Chuck Norris invented programming. Why do you think it began with punch cards?

Chuck Norris never gets thread contention; threads cooperate if they want to
live.

If Norris doesn't like your site, he duck-punches your Javascript until it
works.

I attempted to kill -9 Chuck Norris and my keyboard shocked me for my
impudence.

Chuck Norris can write Haskell... in assembler.

------
maeon3
Two Programmers are walking along the sidewalk when both simultaneously spot a
hundred dollar bill on the ground between them. They begin a lively discussion
of the nature of the problem, what is right? What is moral, what is just? What
would people of various religions say? Should we split it? Does might make
right? They spend hours discussing the fascinating problem and what should be
done about it. They finally decide to settle things like the enlightened
manner appropriate for civilized beings. A game a rock paper scissors. While
performing the game, a Religious figure runs up, grabs the money, waves around
a knife and disappears back into the crowd.

------
martinced
Not programmer per se but the best one ever using _"walks into a bar"_ :

 _We don't allow faster-than-light neutrinos in here, says the bartender.

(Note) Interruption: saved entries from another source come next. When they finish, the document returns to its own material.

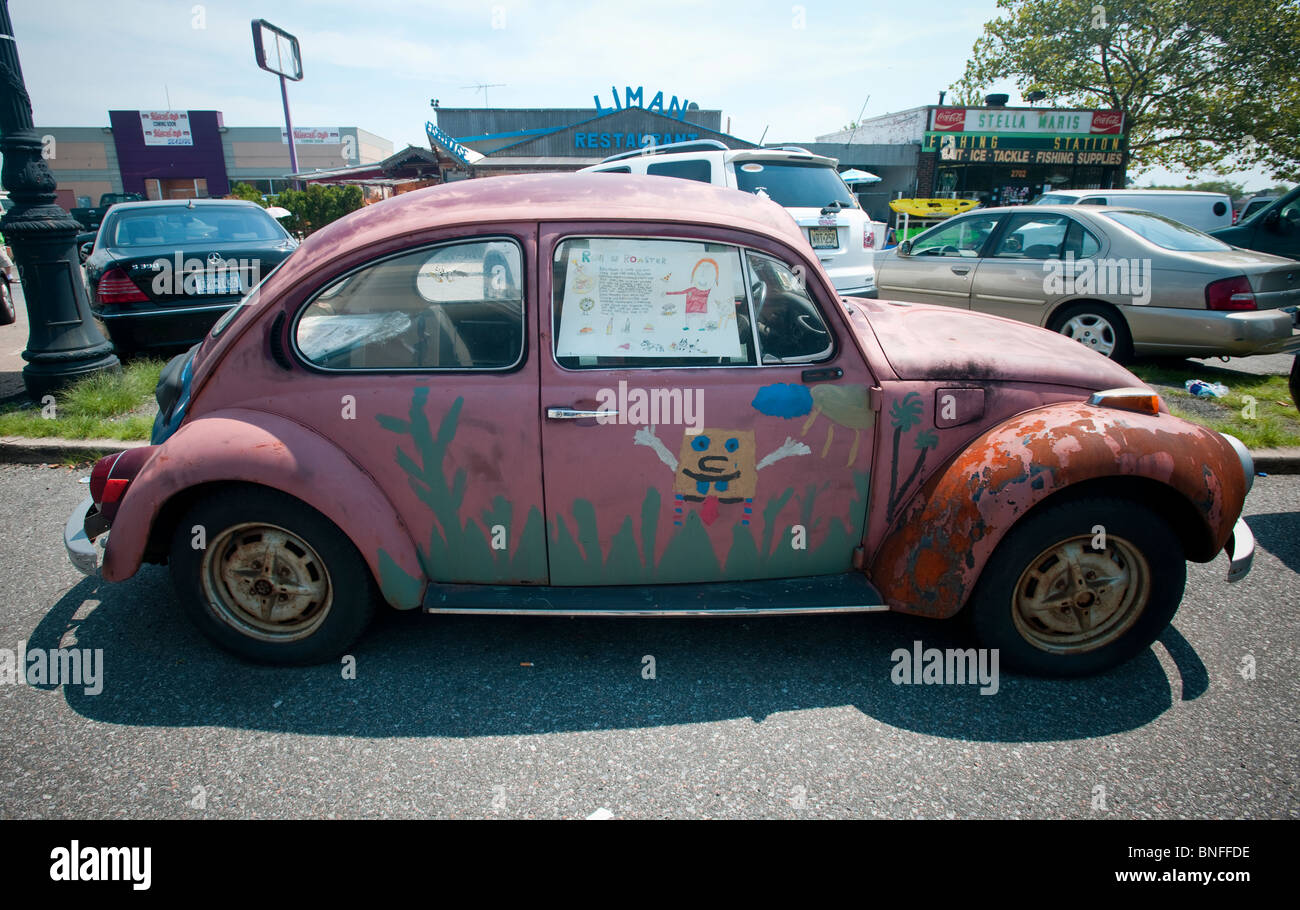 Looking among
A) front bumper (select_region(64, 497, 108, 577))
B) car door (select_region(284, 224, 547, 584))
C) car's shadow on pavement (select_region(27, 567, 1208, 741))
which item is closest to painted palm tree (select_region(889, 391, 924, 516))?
car's shadow on pavement (select_region(27, 567, 1208, 741))

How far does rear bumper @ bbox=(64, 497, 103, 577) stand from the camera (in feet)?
9.03

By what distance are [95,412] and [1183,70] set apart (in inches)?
1493

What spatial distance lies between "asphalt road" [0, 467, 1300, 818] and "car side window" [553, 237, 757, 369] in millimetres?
1254

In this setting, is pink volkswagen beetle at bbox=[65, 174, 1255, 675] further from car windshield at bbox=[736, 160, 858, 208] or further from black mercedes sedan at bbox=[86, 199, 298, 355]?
car windshield at bbox=[736, 160, 858, 208]

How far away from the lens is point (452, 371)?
8.54 feet

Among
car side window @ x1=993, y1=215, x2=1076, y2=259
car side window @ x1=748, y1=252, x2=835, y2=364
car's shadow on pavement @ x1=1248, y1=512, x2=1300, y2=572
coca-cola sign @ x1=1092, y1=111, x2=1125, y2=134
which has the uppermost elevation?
coca-cola sign @ x1=1092, y1=111, x2=1125, y2=134

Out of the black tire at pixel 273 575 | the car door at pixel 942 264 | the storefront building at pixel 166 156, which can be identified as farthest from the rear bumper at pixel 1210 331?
the storefront building at pixel 166 156

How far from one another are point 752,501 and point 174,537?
2.21 meters

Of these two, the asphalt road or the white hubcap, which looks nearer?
the asphalt road

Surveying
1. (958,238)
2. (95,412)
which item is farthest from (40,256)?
(958,238)

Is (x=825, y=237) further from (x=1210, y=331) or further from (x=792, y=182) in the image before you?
(x=1210, y=331)

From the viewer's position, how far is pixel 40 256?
578 cm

A neutrino walks into a bar._

------
maeon3
Working on a coding project, one programmer asks the other who wrote up these
project specifications?

Other programmer says: I can't tell you where the specs were designed, but be
careful, the paper is still hot.

------
maeon3
My program won't compile, I think I've lost one of my bits, can you help me
find it? I think I dropped it on the carpet over there, it may have rolled
under the desk.

------
maeon3
While pair programming: "There!! It compiles!"..... SHIP IT!